The script of Sheba remained largely faithful to the stage production’s, although it did open up the action occasionally to locations other than the couple’s home.  A new upbeat ending did not dissuade reviewers from speaking of the overall depressing qualities of the film.  Audiences were not deterred, though, and even Wallis was astonished by the film’s box-office success.

Shirley Booth’s career on the big screen would not outlast the 1950s.  Her most memorable work was probably in two other Daniel Mann-directed films, About Mrs. Leslie (1954), and Hot Spell (1958).  Hard to cast in starring roles, she eventually attracted her largest audiences and pay cheques as Hazel on the small-screen (1961-66).

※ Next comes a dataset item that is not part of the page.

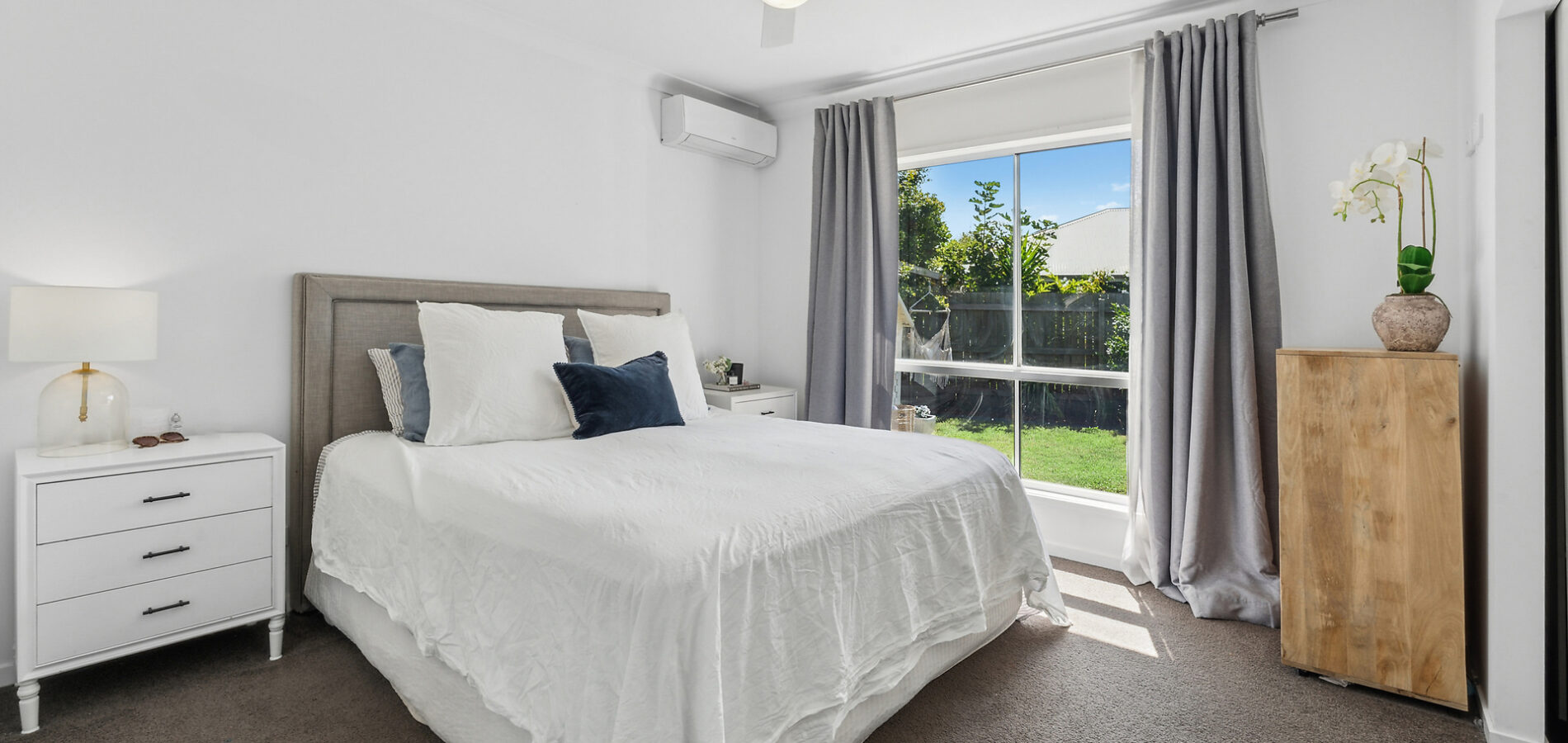 Sold - 7 Velodrome Drive - New Property in Kearneys Spring - Real Estate by Heston Marino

Like Booth, Anna Magnani (1909-1973) was making her American film debut in the role that won her a Best Actress Oscar.  Internationally known since the success of her performance in her friend Rossellini’s Open City in 1945, Magnani was the very actress for whom Tennessee Williams had conceived the role of Serafina in The Rose Tattoo.  Hampered by her inadequate English from creating the role on Broadway, she was persuaded nonetheless to undertake the film version.  (Wallis considered Maureen Stapleton who did play the original Serafina too young and too American for the film).  Williams volunteered to coach Magnani in English, and a special script was prepared written in Italian on one page with an English translation opposite it.  Her resulting dynamic performance as the banana trucker’s widow who mourns her he-man’s death until she meets a second trucker with a rose tattoo like her husband’s was unlike anything ever previously seen in an American film.  The awards were inevitable.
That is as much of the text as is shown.